This is likely because the Patriot largely doesn’t work, against drones, ballistic missiles, or anything at all, as it has become apparent.

The decision by US comes in wake of the Abraham Accords between Israel and two Gulf States, the United Arab Emirates and Bahrain. It also relates to two big weapons deals between the US and the UAE and Saudi Arabia, respectively.

The US currently has two Iron Dome batteries.

One was delivered in September 2020. The second one was delivered on January 3rd.

Tel Aviv also hopes to sell more of these systems to the US in the future, as Saudi Aramco’s destroyed infrastructure back in 2019 stand as evidence of the Patriot’s fabled “effectiveness.”

The Iron Dome missile interceptor system has been co-developed by Rafael Advanced Systems and IAI’s Elta Division. It is designed to protect populated areas and critical assets by neutralising short-range aerial threats.

The system has been in operational use for nearly 10 years in Israel during which it has intercepted more than 2,400 projectiles. The batteries include Rafael Advanced Systems-developed launchers and missiles and a radar array made by Elta. The contract features a command-and-control centre delivered by Amperst.

Back in December 2020, Israel also signaled that it was ready to skip the middleman in the face of the US and deal directly with its supposed enemies in the Arab states of the Persian Gulf.

Israel could be open to future cooperation on missile defence with Gulf Arab states that share its concerns about Iran, a senior Israeli official said.

But Moshe Patel, who heads the Israeli Missile Defence Organisation that is part of the Defence Ministry, said it was still premature to pursue any such deals.

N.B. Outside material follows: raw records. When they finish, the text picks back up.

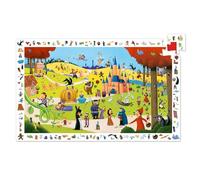 Djeco Puzzle Contes 54 pièces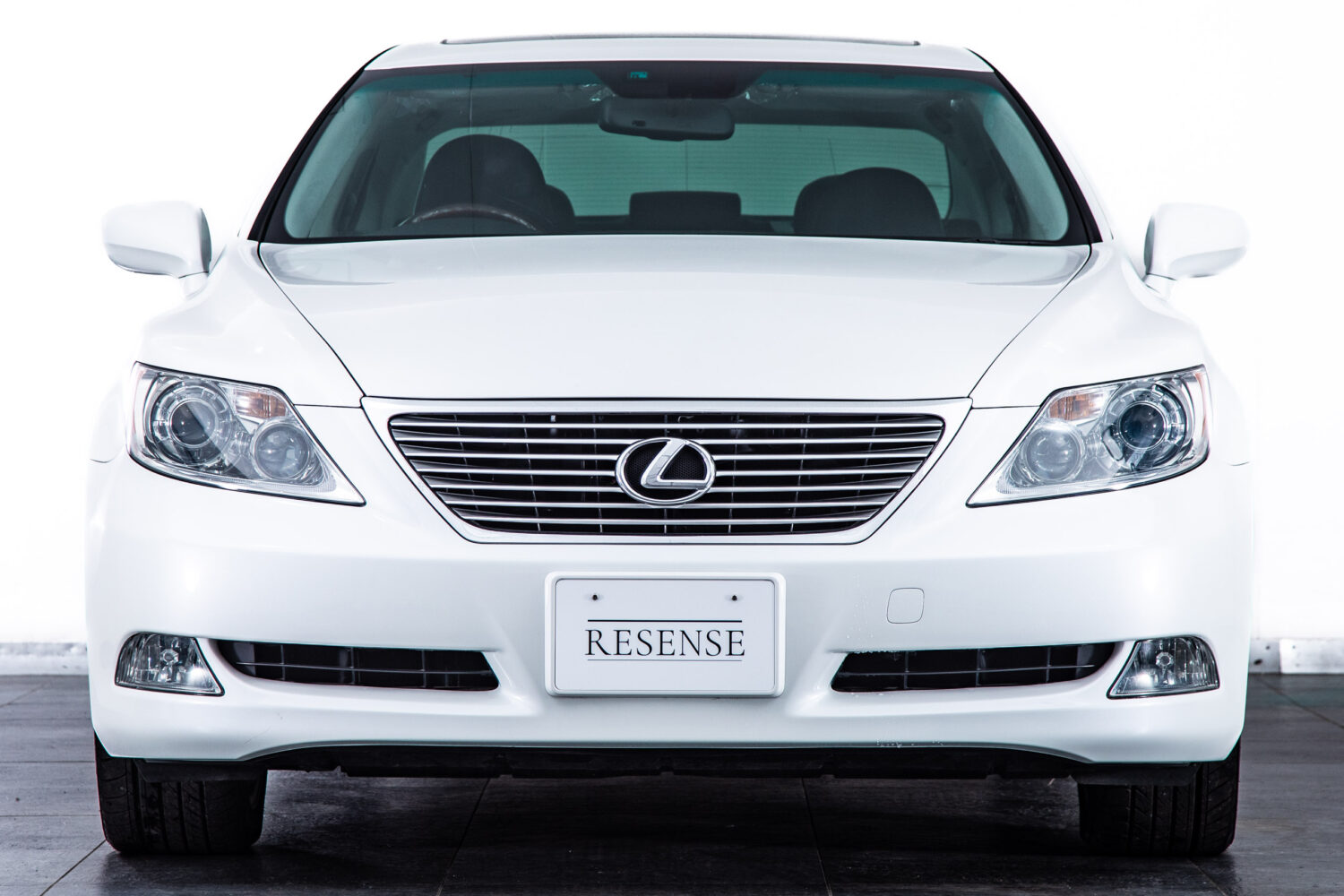 レクサス LS 460 バージョンS Iパッケージ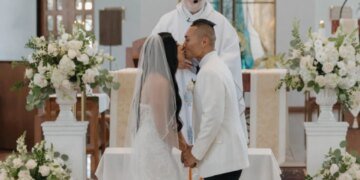 » Real Martina Liana Bride Angie & Shawn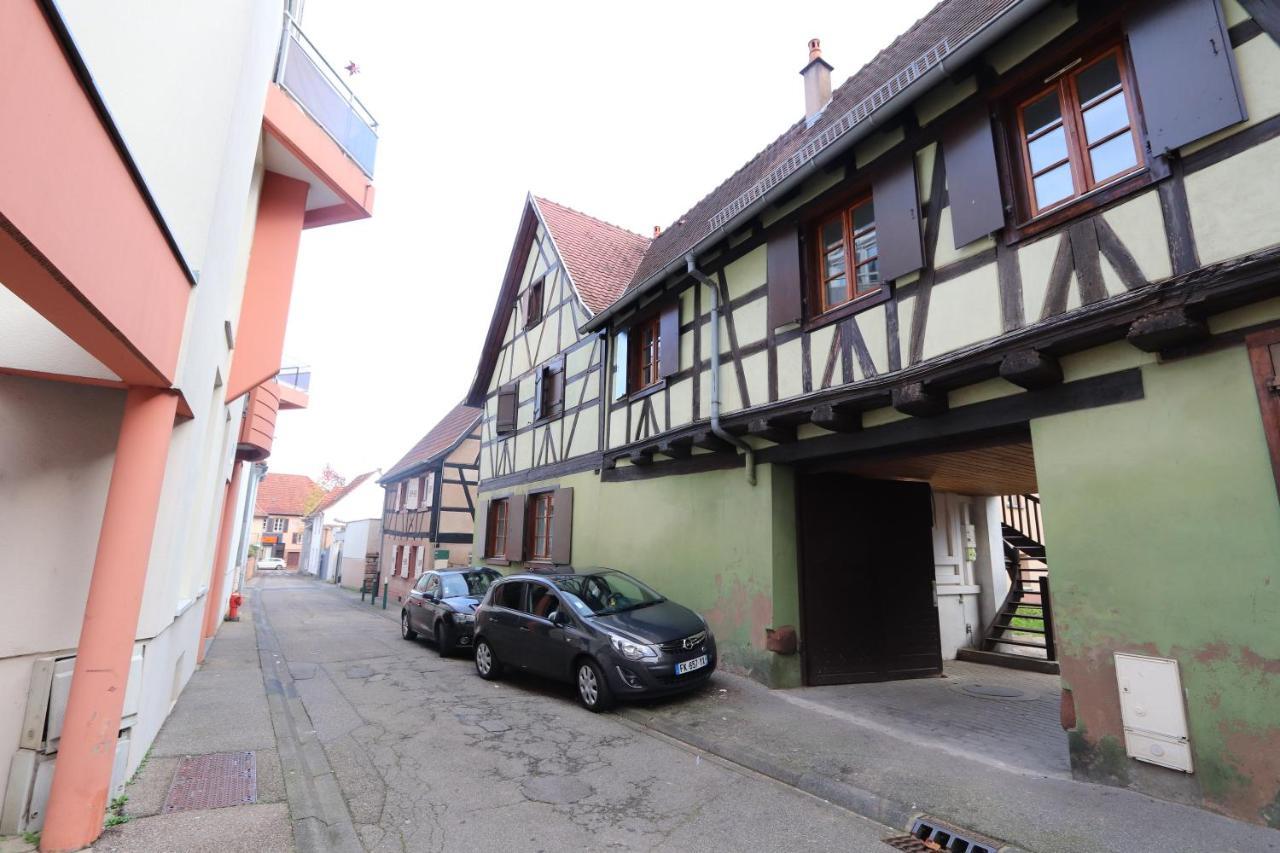Homeday Cultivateur N°2 Appartement Type F3 Haguenau Bagian luar foto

“Things can be done, maybe in the future,” Patel told reporters when asked whether any of the systems might be offered to Israel’s new partners in the Gulf, or synchronised with comparable systems there.

“From an engineering point of view, of course there is a lot of advantage. That information can be shared, like sensors that can be deployed in both countries because we have the same enemies.”

As such, support for the Palestinians is supposedly there from the Arab states, but Iran as a common enemy is simply too overpowering for any sort of principles or integrity.